Recession Fears Trigger Massive U.S. Bond Fund Exodus

Amid escalating recession concerns and trade war strains, U.S. bond fund investors withdrew $15.64 billion by April 9. The significant selloff came amidst worries over U.S.-China tariff hikes. Despite this, U.S. Treasury funds and equity funds saw substantial inflows, against the backdrop of a volatile financial market.


Devdiscourse News Desk | Updated: 11-04-2025 17:28 IST | Created: 11-04-2025 17:28 IST
Recession Fears Trigger Massive U.S. Bond Fund Exodus
This image is AI-generated and does not depict any real-life event or location. It is a fictional representation created for illustrative purposes only.

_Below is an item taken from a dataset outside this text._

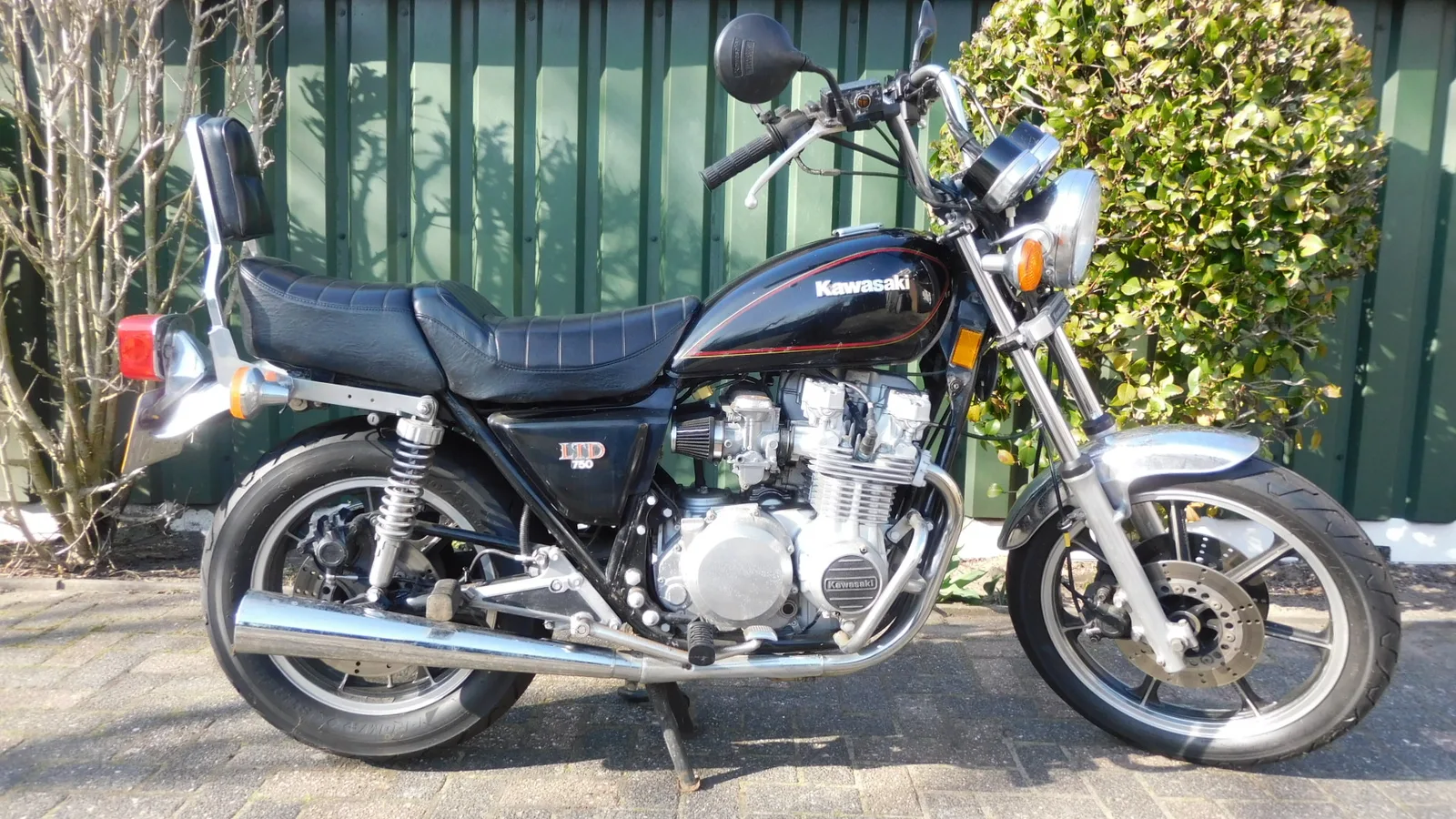 Kawasaki KZ 750 (1981) — foto 1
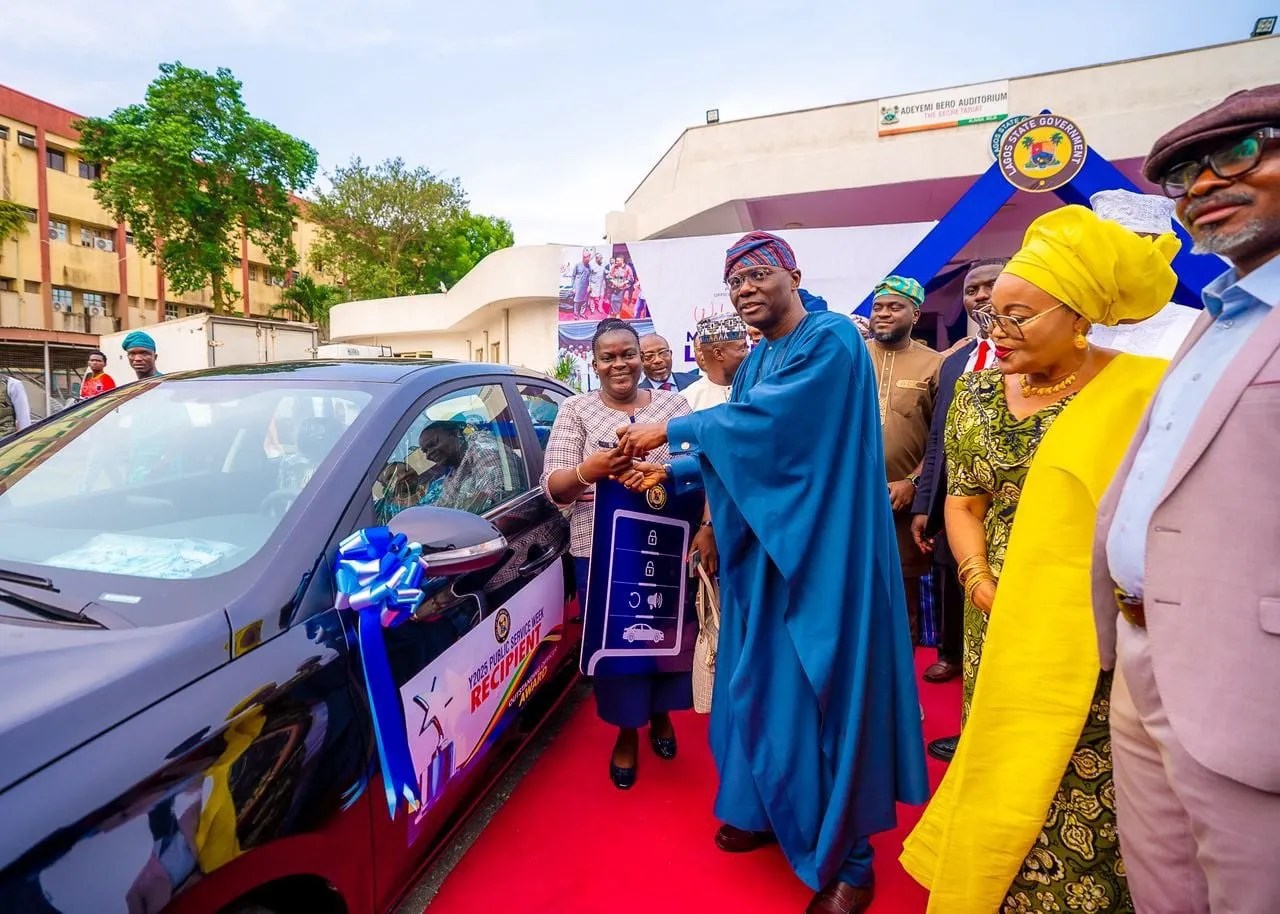 Sanwo-Olu Rewards 177 Lagos Workers with Five Cars, ₦165.5 Million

Investors exited U.S. bond funds en masse in the week concluding April 9, as fears of an impending recession and an intensifying U.S.-China trade war triggered a broad market selloff. Data from LSEG Lipper revealed that a net $15.64 billion was withdrawn from U.S. bond funds, marking the most substantial outflow since December 21, 2022.

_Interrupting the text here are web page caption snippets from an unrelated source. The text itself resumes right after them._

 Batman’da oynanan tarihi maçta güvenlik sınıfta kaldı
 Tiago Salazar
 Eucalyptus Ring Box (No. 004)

U.S. Treasuries faced significant selling pressure following President Donald Trump's decision to escalate the trade war, increasing tariffs on Chinese imports to an effective rate of 145%. This prompted concerns about retaliatory moves from Beijing, which, on Friday, raised tariffs on U.S. imports to 125%.

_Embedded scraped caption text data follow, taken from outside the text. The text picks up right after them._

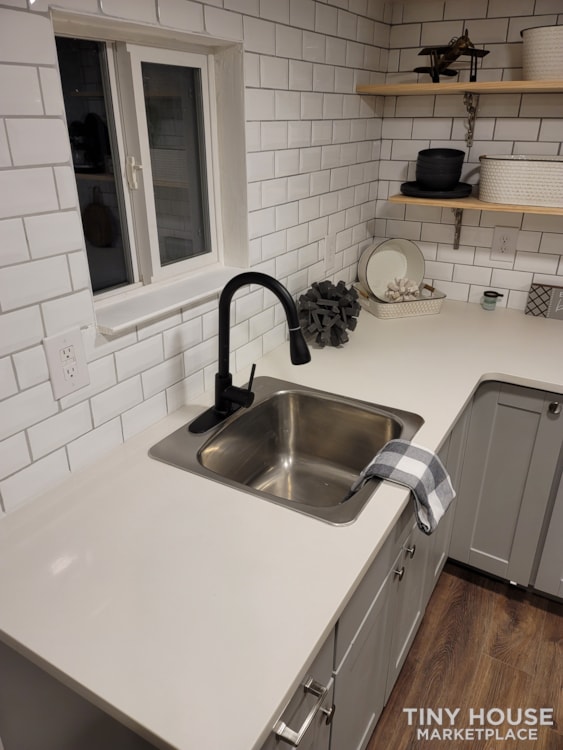 Adorable must see tiny home - Image 3 Thumbnail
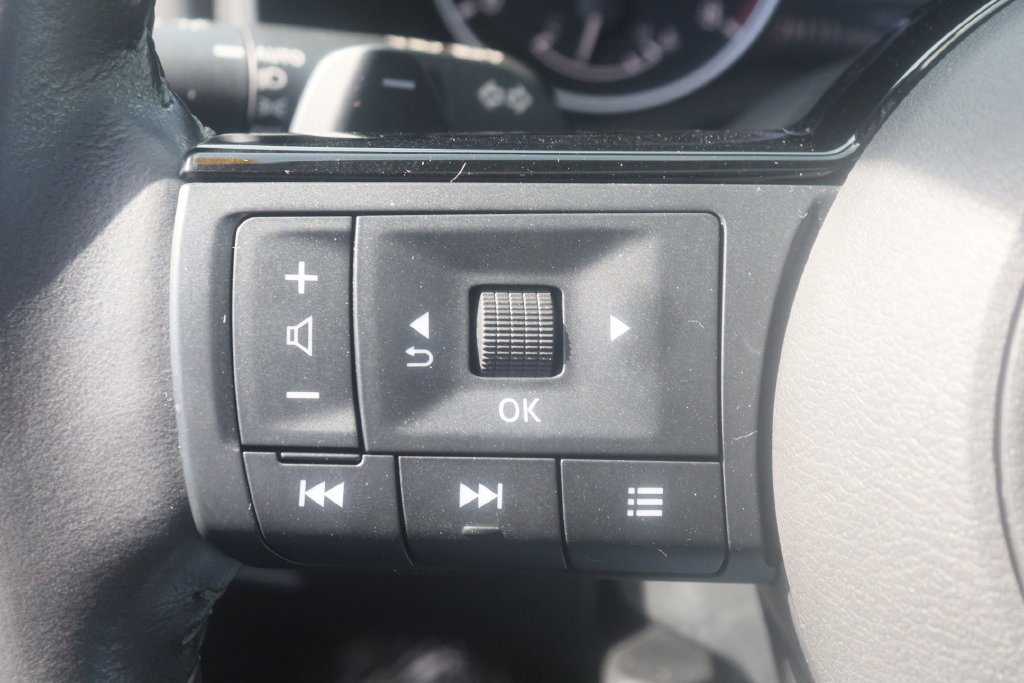 Used 2023 Nissan Rogue SV w/ SV Premium B Package AWD/4WD image 10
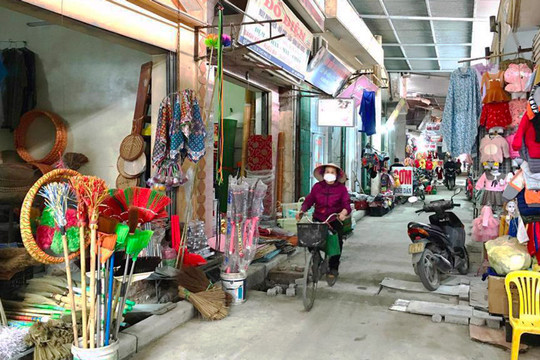 Tình hình rà soát giải quyết khiếu nại của một số hộ kinh doanh tại chợ Phủ Lỗ, huyện Sóc Sơn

While general domestic taxable fixed-income funds, short-to-intermediate investment-grade funds, and loan participation funds recorded notable net sales, U.S. short-to-intermediate government and Treasury funds attracted $8.89 billion in inflows. Additionally, investors channeled $6.44 billion into U.S. equity funds, contrasting the $10.83 billion in net sales observed a week earlier.